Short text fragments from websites
/---

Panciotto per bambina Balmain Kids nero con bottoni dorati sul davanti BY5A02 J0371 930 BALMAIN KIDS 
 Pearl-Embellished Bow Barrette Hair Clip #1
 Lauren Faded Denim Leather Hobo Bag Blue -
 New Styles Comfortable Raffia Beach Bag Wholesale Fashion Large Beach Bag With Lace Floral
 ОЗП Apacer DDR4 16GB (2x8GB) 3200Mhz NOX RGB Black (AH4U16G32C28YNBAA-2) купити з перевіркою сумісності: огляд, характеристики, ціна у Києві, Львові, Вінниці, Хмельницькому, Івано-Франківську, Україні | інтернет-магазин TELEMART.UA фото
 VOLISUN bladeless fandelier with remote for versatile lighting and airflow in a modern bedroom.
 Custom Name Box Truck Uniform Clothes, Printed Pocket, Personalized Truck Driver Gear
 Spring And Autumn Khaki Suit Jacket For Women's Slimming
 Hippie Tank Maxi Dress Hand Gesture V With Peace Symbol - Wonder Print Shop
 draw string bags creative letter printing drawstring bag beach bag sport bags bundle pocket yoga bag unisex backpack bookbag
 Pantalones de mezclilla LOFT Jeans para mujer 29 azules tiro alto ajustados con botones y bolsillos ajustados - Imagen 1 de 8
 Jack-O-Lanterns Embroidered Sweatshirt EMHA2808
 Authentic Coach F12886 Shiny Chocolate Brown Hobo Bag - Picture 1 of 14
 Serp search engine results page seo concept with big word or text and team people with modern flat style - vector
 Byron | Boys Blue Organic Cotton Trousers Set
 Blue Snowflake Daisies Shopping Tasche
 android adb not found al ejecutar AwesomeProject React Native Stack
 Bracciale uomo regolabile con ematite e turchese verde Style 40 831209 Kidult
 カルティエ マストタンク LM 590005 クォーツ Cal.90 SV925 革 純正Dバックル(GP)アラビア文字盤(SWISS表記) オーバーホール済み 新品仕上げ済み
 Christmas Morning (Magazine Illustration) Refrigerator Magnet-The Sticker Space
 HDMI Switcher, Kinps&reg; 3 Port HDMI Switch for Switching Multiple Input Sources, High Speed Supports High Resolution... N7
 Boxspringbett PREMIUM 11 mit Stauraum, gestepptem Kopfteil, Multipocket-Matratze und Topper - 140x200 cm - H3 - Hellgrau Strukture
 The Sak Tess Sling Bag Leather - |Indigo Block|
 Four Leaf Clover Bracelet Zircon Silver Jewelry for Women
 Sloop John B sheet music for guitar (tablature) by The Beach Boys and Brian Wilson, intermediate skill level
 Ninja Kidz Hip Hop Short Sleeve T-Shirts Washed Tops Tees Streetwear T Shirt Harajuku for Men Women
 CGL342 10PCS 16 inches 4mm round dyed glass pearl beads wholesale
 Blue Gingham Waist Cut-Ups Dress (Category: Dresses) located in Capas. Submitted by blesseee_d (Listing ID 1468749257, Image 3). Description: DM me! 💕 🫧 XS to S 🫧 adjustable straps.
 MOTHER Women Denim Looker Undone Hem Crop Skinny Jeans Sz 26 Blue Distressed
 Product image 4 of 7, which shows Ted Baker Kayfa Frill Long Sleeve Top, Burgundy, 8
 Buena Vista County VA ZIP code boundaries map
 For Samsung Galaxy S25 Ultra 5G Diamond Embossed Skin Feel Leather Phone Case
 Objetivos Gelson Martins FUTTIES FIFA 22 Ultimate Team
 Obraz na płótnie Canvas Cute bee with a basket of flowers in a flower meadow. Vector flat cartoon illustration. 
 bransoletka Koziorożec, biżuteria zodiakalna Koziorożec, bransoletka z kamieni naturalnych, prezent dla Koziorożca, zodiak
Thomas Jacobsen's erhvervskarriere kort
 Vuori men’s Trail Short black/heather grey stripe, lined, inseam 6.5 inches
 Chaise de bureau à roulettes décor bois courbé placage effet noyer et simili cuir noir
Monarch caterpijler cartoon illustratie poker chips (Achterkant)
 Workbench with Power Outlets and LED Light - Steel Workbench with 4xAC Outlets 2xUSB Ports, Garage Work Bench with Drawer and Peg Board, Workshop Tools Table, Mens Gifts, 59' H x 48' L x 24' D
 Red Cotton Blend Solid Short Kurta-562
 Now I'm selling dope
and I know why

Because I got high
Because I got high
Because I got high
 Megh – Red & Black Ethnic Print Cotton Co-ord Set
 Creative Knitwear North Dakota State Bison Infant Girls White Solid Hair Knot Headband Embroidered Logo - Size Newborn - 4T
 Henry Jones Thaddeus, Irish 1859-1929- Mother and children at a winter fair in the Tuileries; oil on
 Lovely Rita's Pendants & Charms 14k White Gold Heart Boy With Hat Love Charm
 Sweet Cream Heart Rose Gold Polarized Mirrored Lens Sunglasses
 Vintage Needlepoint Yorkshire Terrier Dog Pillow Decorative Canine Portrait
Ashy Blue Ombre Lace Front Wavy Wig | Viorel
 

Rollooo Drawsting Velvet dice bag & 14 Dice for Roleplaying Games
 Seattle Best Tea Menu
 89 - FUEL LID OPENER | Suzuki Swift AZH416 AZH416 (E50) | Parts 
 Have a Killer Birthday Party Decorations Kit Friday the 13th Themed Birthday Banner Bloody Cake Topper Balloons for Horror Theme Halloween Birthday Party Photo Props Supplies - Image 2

\---

Set aside each line above that includes the string "White" and report it.

 Creative Knitwear North Dakota State Bison Infant Girls White Solid Hair Knot Headband Embroidered Logo - Size Newborn - 4T
 Lovely Rita's Pendants & Charms 14k White Gold Heart Boy With Hat Love Charm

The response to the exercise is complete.